### Try it
Report every line of the records that contains the word "background".

### Study material
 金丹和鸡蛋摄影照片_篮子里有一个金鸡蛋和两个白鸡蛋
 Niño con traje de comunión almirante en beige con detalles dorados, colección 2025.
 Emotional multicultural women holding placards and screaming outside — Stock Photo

* * *

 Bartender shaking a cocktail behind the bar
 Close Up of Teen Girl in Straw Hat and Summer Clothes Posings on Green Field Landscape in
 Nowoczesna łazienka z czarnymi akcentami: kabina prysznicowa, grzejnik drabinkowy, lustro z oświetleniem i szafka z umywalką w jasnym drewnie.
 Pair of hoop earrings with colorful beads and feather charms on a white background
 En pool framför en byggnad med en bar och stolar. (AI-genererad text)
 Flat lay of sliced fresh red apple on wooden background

--

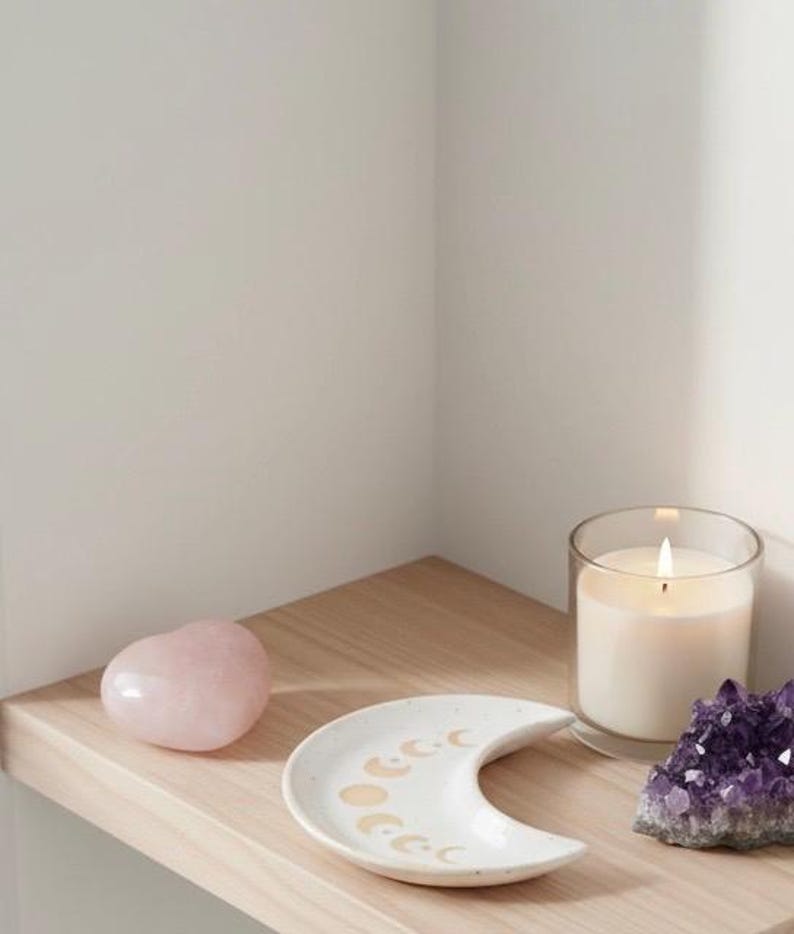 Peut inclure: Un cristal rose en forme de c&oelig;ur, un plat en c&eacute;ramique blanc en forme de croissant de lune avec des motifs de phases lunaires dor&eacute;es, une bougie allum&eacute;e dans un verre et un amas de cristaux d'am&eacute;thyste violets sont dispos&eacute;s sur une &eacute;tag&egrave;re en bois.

### Response
 Pair of hoop earrings with colorful beads and feather charms on a white background
 Flat lay of sliced fresh red apple on wooden background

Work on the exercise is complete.